Cronaca

Caso Meloni-Piantedosi- Il licenziamento del prof. sarebbe una scorciatoia troppo comoda

di Riccardo Bizzarri (*)

Cicciano, provincia di Napoli. Qui insegna tedesco al liceo Enrico Medi il professor Stefano Addeo, colui che ha pensato bene di scrivere sui social un augurio di morte alla figlia di otto anni della premier Giorgia Meloni. Un augurio di morte degno della peggiore barbarie: ha evocato per una bambina lo stesso destino atroce toccato a Martina Carbonaro, uccisa a colpi di pietra dall’ex fidanzato.

Eppure, il professor Addeo si definisce “cattolico, animalista, educatore, volontario”. Peccato che la sua “leggerezza”, come lui stesso la chiama, contraddica in modo clamoroso tutti quei valori. Un post che — a suo dire — sarebbe nato da una richiesta a un’intelligenza artificiale: “L’ho interpellata chiedendole di farmi un post cattivo sulla Meloni”, ha detto. Una giustificazione imbarazzante per un educatore che dovrebbe sapere che la responsabilità morale e giuridica è sempre personale.

“Educatore”, dunque, ma con una memoria storica labile. Come dimenticare che la lezione di Voltaire — “Non sono d’accordo con quello che dici, ma difenderò fino alla morte il tuo diritto di dirlo” — vale anche per le parole degli avversari politici, e che minacciare una bambina non è satira, ma è odio. Forse il professor Addeo dovrebbe iscriversi a un corso obbligatorio di educazione alla convivenza civile e di storia della libertà di espressione, magari con qualche lettura forzata di Hannah Arendt: La banalità del male.

A questo punto, più che un licenziamento, che sarebbe una scorciatoia,  OBBLIGHEREI (si avete capito bene obbligherei stile TSO)  al professor Addeo una lunga serie di “cure mediche:

Un ciclo intensivo di “educazione civica infusa endovena” per imparare la differenza tra satira e minaccia di morte.

Sedute di “storia contemporanea ad alto dosaggio” per ripassare che la violenza verbale è stata la miccia di troppi regimi autoritari.

Un ciclo di “terapia di responsabilità digitale” per capire che non basta cancellare un post per cancellarne le conseguenze.

 

Perché, ricordiamolo, il nostro amico Stefano è un professore, e come tale ha una responsabilità educativa doppia. La scuola, come diceva Don Milani, serve a “fare la parola” ai ragazzi. Ma qui, purtroppo, la parola è stata usata come una clava.

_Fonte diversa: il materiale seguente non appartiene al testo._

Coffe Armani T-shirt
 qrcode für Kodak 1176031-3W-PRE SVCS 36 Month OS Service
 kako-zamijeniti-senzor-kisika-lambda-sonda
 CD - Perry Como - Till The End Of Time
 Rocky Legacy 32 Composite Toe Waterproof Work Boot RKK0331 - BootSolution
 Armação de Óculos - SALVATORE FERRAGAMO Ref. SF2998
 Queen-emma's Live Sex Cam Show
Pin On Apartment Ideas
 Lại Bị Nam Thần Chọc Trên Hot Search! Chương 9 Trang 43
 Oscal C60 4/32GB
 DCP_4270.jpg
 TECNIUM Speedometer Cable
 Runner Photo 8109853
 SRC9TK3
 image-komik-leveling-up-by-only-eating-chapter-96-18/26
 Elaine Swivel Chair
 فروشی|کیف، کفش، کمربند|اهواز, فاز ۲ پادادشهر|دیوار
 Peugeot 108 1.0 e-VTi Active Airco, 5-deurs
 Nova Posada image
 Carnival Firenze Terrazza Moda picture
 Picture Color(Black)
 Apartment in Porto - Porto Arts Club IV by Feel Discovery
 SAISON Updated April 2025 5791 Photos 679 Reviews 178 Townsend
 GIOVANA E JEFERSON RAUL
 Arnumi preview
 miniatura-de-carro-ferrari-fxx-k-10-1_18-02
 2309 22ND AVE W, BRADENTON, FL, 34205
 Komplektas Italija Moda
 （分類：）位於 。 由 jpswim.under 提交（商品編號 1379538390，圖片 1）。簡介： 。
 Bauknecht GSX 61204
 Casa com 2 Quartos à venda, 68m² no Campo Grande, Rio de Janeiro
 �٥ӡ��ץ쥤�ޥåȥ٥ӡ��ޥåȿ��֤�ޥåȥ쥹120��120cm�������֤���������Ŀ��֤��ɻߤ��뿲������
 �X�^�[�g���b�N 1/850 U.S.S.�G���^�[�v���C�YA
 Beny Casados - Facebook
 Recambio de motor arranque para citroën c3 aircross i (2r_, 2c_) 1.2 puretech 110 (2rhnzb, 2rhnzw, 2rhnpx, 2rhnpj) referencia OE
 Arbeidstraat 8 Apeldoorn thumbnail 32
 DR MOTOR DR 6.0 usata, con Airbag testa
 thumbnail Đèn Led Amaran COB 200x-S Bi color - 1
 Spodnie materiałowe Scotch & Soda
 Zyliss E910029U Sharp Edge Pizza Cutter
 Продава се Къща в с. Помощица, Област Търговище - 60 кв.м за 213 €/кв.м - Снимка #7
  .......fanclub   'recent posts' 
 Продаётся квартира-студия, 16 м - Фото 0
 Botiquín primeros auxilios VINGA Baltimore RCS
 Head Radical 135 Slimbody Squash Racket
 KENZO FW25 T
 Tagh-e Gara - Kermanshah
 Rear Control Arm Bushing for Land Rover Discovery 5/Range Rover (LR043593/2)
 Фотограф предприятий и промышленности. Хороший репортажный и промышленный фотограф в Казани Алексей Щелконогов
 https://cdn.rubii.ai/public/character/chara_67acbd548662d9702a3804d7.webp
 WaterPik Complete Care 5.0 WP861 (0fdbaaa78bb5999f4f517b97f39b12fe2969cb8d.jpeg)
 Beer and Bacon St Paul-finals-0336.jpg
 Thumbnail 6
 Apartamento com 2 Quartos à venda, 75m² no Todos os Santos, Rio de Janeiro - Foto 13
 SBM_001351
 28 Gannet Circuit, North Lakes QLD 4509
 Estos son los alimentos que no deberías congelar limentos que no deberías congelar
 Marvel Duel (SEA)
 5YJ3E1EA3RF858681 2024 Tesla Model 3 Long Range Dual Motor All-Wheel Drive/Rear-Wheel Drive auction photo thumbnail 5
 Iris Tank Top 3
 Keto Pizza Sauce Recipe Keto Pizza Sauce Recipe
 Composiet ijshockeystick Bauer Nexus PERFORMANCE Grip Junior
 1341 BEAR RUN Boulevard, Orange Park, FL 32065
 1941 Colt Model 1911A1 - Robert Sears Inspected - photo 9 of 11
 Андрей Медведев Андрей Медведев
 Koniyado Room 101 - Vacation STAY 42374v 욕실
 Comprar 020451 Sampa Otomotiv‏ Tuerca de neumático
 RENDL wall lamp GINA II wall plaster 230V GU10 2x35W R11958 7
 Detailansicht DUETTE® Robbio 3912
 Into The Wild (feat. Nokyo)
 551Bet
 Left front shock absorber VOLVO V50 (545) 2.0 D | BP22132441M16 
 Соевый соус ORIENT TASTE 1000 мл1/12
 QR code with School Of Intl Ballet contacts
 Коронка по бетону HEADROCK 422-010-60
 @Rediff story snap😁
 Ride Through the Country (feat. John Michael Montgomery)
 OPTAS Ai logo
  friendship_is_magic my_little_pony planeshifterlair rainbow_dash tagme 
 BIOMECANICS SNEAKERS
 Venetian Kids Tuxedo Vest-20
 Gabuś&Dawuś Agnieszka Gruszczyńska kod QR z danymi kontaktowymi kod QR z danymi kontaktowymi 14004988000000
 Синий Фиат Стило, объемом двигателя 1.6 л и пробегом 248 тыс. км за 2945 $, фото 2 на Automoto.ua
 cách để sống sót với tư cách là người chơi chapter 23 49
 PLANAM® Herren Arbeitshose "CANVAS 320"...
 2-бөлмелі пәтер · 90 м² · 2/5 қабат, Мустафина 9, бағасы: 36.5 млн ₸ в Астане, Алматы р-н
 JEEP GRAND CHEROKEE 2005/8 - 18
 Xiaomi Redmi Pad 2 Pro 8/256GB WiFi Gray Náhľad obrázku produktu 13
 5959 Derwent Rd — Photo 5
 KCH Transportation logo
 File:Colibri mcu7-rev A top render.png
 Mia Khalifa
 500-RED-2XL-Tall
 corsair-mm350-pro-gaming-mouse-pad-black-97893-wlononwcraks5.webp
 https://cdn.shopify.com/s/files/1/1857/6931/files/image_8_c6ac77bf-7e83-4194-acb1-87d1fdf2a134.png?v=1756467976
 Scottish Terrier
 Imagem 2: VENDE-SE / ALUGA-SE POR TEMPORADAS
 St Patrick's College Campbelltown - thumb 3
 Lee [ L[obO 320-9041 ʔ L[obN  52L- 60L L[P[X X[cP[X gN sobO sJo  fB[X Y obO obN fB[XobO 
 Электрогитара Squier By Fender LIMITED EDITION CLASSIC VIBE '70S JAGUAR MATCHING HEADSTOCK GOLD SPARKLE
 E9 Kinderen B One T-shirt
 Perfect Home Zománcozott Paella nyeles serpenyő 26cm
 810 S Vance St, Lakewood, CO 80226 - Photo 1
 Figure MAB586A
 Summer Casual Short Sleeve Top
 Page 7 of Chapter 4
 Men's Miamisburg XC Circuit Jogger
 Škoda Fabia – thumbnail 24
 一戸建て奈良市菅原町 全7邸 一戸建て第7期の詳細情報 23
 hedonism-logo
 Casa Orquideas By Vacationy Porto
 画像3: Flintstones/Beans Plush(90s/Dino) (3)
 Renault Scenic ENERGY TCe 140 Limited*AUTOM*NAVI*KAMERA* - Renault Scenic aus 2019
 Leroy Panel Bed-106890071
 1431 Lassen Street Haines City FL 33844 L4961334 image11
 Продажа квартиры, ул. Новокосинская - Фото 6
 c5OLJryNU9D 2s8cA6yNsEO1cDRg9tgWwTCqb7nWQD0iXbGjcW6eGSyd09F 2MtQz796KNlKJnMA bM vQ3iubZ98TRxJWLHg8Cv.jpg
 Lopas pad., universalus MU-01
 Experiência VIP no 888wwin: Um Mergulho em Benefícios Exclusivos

Con buona pace dell’“intelligenza artificiale” a cui Addeo dice di aver delegato il compito di vomitare odio, la vera responsabilità, storica e morale, resta tutta umana. E forse qualche cura d’urto, oltre a un bel corso di storia e diritto, sarebbe un ottimo rimedio per rimettere in riga chi, con la parola, educa ma anche può ferire.

Attendiamo il ricovero coatto del Professore senza alcun licenziamento che sarebbe una soluzione troppo semplice per trovarcelo tra qualche tempo all’Isola dei Famosi o al Grande Fratello VIP mentre non lo preferiamo al Cardarelli di Napoli.